New York, 19 January 2005 (RFE/RL) -- The U.S. Justice Department has announced the first conviction in connection with its investigation into abuses of the UN's oil-for-food program in Iraq.

Samir Vincent, an Iraqi-American businessman, pleaded guilty in federal U.S. court to charges that he received payments from Saddam Hussein's regime for his illegal efforts at both trying to lift sanctions and undermining the UN's humanitarian program in Iraq. He is cooperating with U.S. authorities seeking to determine who violated U.S. laws in the scandalized UN program. United Nations audits released earlier this month indicated widespread mismanagement and waste by UN officials.

U.S. Attorney General John Ashcroft says Samir Vincent was one of Saddam Hussein's "accomplices" in corrupting and weakening the United Nation's oil-for-food program in Iraq.

Ashcroft said yesterday that Vincent has admitted to lobbying officials of the U.S. government and the UN to repeal the sanctions. But he also became involved, according to Ashcroft, in seeking early support for the oil-for-food program, which Hussein defrauded of billions of dollars.

"In February of 1996, Vincent traveled to Baghdad and drafted agreements with Iraqi government officials that guaranteed millions of dollars of compensation for Vincent and others if they were able to get the oil-for-food program implemented," Ashcroft said.

Vincent, a naturalized American, pleaded guilty yesterday in U.S. federal court in New York to conspiring and acting as an unregistered agent of a foreign government, violating economic sanctions, and income-tax fraud violations.

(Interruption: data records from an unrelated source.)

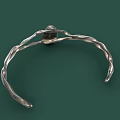 Classic Stylish Silver Bracelet With Twisted Design And Turquoise Gemstone Fashion Accessory
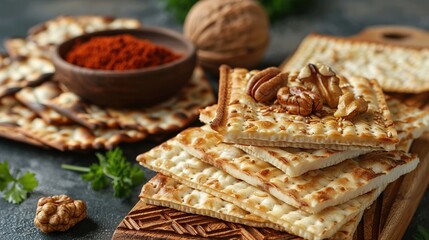 Passover celebration concept. Matzah, red kosher and walnut. Generative Ai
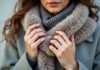 Elegant winter fashion with a fur collar coat and cozy knitted scarf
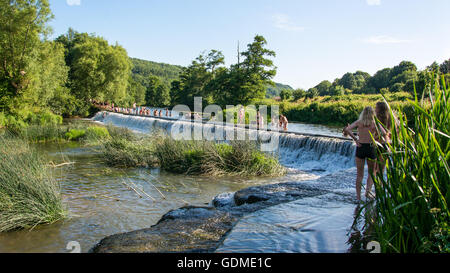 Persone nuotare nel fiume Avon. Centinaia accorrono per Warleigh stramazzo 3 miglia dal bagno, il giorno più caldo dell'anno. Foto Stock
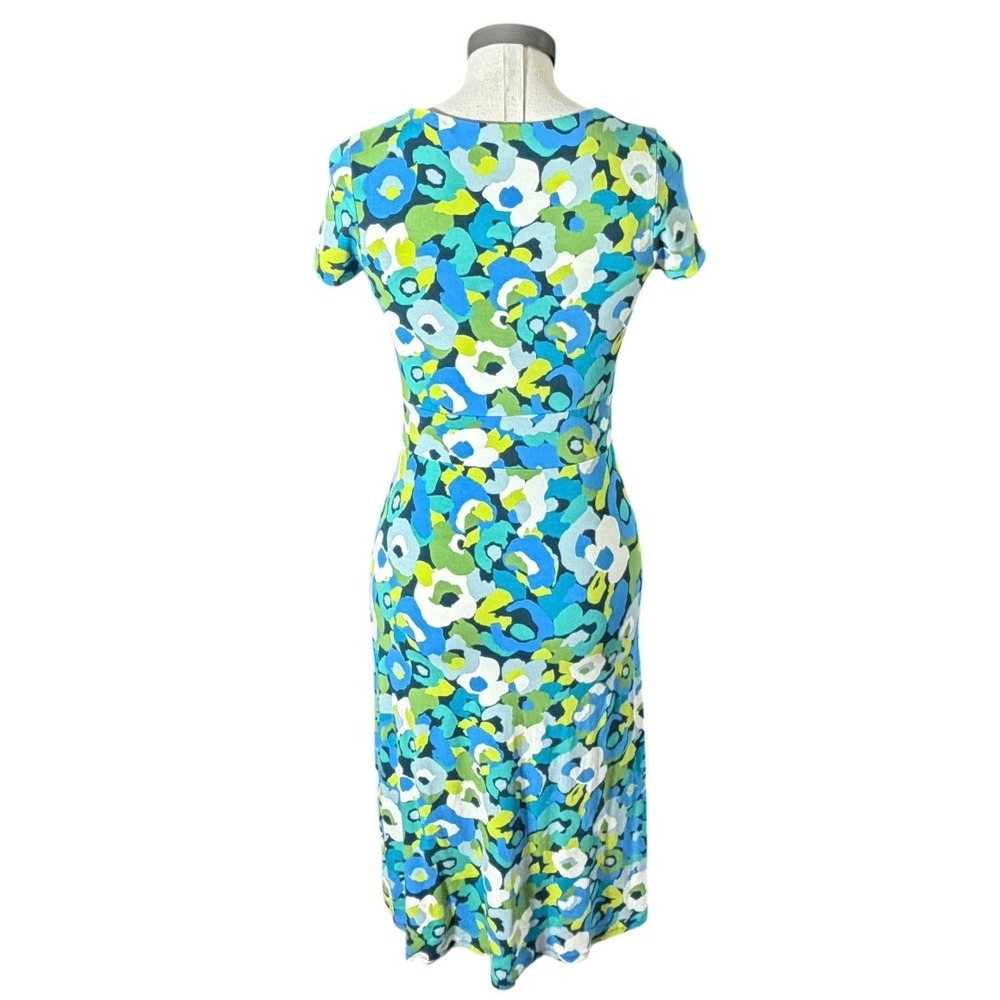 Boden Womens Blue Green Floral Scoop Neck Jersey Dress WH205 Size US 6 UK 10L - Picture 3 of 6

Ashcroft told a Washington news conference that Vincent received allocations of oil produced under the UN program as payment for services. "Between 1996 and 2003, Vincent has admitted to receiving allocations for more than 9 million barrels of oil, the rights to which he sold for millions of dollars," Ashcroft said.

U.S. Attorney David Kelley said that Vincent received between $3 million and $5 million from his oil allocation and payments from Hussein's regime.

Vincent faces up to 28 years in prison but is cooperating with the U.S. Justice Department's ongoing investigation into fraud in the UN program.

That program was set up in 1996 to allow Iraq to sell oil to purchase humanitarian goods under UN sanctions. The UN Security Council gave the Iraqi government the power to select which entities and individuals it would sell oil to. Investigators said this provided Baghdad with enormous leverage to extract kickbacks on oil sales.
Vincent received between $3 million and $5 million from his oil allocation and payments from Hussein's regime.


Widespread charges of abuse prompted the UN to appoint an independent commission last year, headed by former U.S. Federal Reserve Chairman Paul Volcker to mount an inquiry. He is due to issue his first major report in a few weeks, but said earlier this month that audits of the program indicate systemic mismanagement by the United Nations.

A U.S. senator leading one of the U.S. congressional inquiries, Norm Coleman (Minnesota, Republican), has called for the resignation of UN Secretary-General Kofi Annan. The U.S. government has distanced itself from that call and expressed support for Annan.

Incoming U.S. Secretary of State Condoleezza Rice said during her Senate confirmation hearing yesterday that it is important to probe the extent of corruption in the UN program. "We've opened up the Iraq Survey Group's files, in effect, to people," Rice said. "We've got to get to the bottom of what happened here, and those who were responsible, I think, should be held accountable."

The Iraq Survey Group, led by Charles Duelfer, a former UN arms inspector, has concluded that Hussein earned $1.5 billion through kickbacks from contracts for goods purchased through the oil-for-food program. It said Hussein reaped nearly $8 billion more through selling oil outside the program to Jordan, Syria, and Turkey.